しかし、今知りたいのは地震の特性です。地震の特性を大掴みするのに、複雑な建物モデルを考える必要はありません。そこで、『く』や『S』を無視して、『/』だけを取り出して考えます。

 

『/』ということは、右に○cm変形した、あるいは左に△cm変形したというように1つの数字で揺れの状態を表せるいうことです。この単純なモデルを「1自由度系」と言います。単純な分、計算が簡単になります。

 

固有周期:建物の揺れ方の特性

建物にはそれぞれ固有の揺れ方があります。硬くて軽い建物は速く、柔らかくて重い建物はゆっくり揺れます。低層の建物であればガタガタと素早く、超高層ビルではグ~ラグ~ラとゆっくり揺れるのが想像できるかと思います。

 

右に揺れ、次に左に揺れ、そして元の位置に戻ってくる、この一連の動きに要する時間を「固有周期」と言います。固有周期は建物高さに概ね比例するので、固有周期が何秒かが分かれば大体何階建ての建物かがわかることになります。

固有周期とは

 

一般的に、建物高さ(m)に0.02~0.03を乗じたものが固有周期(秒)です。100mくらいの高さであれば、2~3秒程度になるということです。階高を4mとすれば25階建てですから、階数に0.1を乗じたものが固有周期(秒)になるとも言えます。

 

固有周期だけで地震時の建物の揺れ方の全てが決まるわけではありません。ただ、固有周期が同じであれば、かなり似たような揺れ方をします。逆に言うと、固有周期が違えば建物に生じる揺れは全く違うものになります。

 

そのため、「固有周期が○○秒の建物はこれくらい揺れる、△△秒の建物はこれくらい揺れる」というように、地震の特性を知るには建物の固有周期ごとに分けて考える必要があるのです。

 

時刻歴応答解析:地震時の建物の揺れを計算

地震とはガタガタと地面が揺れる「動的」な事象なので、「この式を使って1回計算すればわかる」というものではありません。「0.01~0.02秒の間はこう揺れて、0.02~0.03秒の間はこう揺れる」というように、非常に短い時間ごとに計算を繰り返さなくてはなりません。

 

建物の各時刻での揺れと、地面の動きを用いて順次計算を行うことで建物の揺れを求める解析を「時刻歴応答解析」といいます。

時刻歴応答解析がよくわかる

 

毎回の計算自体も大変ですが、地震の継続時間は数十秒はあるので、とんでもない回数の計算を繰り返す必要があります。電卓ではほぼ対応不可能で、専用の解析ソフトを用いて行うことになります。

 

しかしこの計算を行うことで、地震時の建物の揺れが地震の発生から終了までを通してわかるのです。

最大応答値:設計に必要な値

当然ながら、地震が起こっている間、建物に生じる揺れは刻々と変化します。揺れが大きい時間もあれば、小さい時間もあります。

 

5mmの変形が20回続くのと10mmの変形が1回生じるのとでは、どちらが建物に与える損傷が大きくなるかはわかりません。ただ、5mmが1回よりも10mmが1回の方が厳しいのは明らかです。

 

一般的な構造計算では、変形が繰り返すことによる損傷の効果を見込んでいません。そのため、最大値がいくらになるかが最大の関心事になります。

 

長周期地震動のように長時間継続するのでなければ、最大値を押さえておけば設計としては問題無いのです。

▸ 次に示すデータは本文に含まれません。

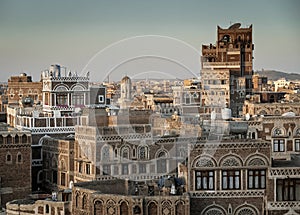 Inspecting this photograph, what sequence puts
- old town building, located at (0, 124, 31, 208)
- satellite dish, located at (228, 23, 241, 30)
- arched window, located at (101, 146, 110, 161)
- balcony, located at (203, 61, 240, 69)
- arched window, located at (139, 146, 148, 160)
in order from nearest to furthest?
arched window, located at (101, 146, 110, 161) → arched window, located at (139, 146, 148, 160) → old town building, located at (0, 124, 31, 208) → balcony, located at (203, 61, 240, 69) → satellite dish, located at (228, 23, 241, 30)

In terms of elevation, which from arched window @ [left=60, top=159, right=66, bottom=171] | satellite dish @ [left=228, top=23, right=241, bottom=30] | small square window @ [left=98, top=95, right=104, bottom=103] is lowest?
arched window @ [left=60, top=159, right=66, bottom=171]

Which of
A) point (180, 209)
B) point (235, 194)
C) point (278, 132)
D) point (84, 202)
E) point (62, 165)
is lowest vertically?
point (180, 209)

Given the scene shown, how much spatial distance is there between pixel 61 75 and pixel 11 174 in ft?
39.1

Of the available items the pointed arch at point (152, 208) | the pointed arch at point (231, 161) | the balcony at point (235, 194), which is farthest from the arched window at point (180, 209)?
the pointed arch at point (231, 161)

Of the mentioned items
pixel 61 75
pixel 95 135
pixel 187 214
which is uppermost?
pixel 61 75

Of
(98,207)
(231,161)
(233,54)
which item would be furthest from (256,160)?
(233,54)

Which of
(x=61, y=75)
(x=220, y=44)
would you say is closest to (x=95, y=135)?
(x=61, y=75)

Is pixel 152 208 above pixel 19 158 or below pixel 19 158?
below

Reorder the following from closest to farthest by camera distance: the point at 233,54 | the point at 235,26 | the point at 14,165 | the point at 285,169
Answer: the point at 285,169
the point at 14,165
the point at 235,26
the point at 233,54

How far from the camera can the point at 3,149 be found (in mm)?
40750

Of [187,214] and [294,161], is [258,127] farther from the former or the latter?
[187,214]

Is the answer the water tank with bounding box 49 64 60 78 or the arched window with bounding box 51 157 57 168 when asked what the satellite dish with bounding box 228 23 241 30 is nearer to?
the water tank with bounding box 49 64 60 78

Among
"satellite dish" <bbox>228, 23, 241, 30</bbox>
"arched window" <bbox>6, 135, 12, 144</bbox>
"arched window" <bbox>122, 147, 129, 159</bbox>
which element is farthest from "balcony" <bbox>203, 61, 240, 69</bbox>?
"arched window" <bbox>122, 147, 129, 159</bbox>

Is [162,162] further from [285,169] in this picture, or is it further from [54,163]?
[285,169] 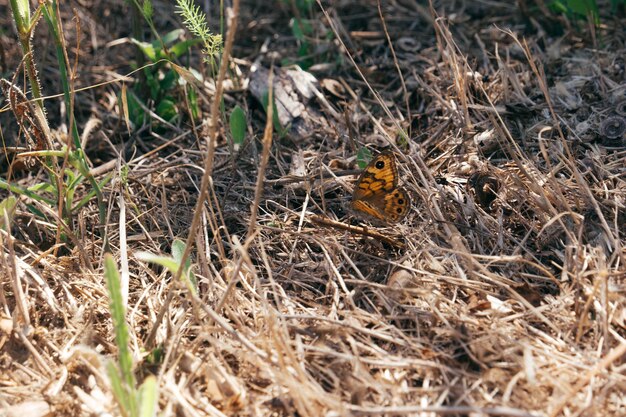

南海トラフ地震で大都市圏が揺れる:長周期地震動の恐怖

 

つまり応答スペクトルとは

ここまで読んでいただければ、最初に示した説明も理解できるようになっているはずです。

 

つまり応答スペクトルとは、①建物を単純化した1自由度系のモデルを用いて、②モデルの固有周期をいろいろ変化させて、③地震波のデータを用いて時刻歴応答解析を行い、④最大応答値を抜き出し、⑤縦軸に最大応答値、横軸に固有周期をプロットしたもの、です。

 

時刻歴応答解析は通常の解析よりは時間がかかります。ただ、計算対象となるモデルが単純なため、応答スペクトルの作図は比較的簡単にできます。

 

建物の高さが分かれば大体の固有周期は分かります。固有周期がわかれば、わざわざ解析しなくても応答スペクトルから揺れの最大値がわかるのです。

 

変位・速度・加速度

建物の揺れの状態は変位、速度、加速度の3つがあります。どれも大切な指標で、それぞれ変位応答スペクトル、速度応答スペクトル、加速度応答スペクトルによって最大値を知ることができます。

 

建物に生じる変位は、建物の損傷に密接に関係しています。損傷を抑えるには建物の変位を小さくする必要があります。固有周期が長いほど大きくなる傾向にあります。

 

建物に生じる速度は、建物に入力されるエネルギーと考えることができます。大きな速度が生じるということは、それだけ建物を揺らす地震のエネルギーが大きいことになります。固有周期が長くなると一定になる傾向にあります。

 

建物に生じる加速度は、地震の力の大きさです。建物の重さに加速度を掛けたものが力になるからです。固有周期が長いほど小さくなる傾向にあります。

 

下の図は、1995年の兵庫県南部地震において、神戸海洋気象台で観測された地震動の応答スペクトルです。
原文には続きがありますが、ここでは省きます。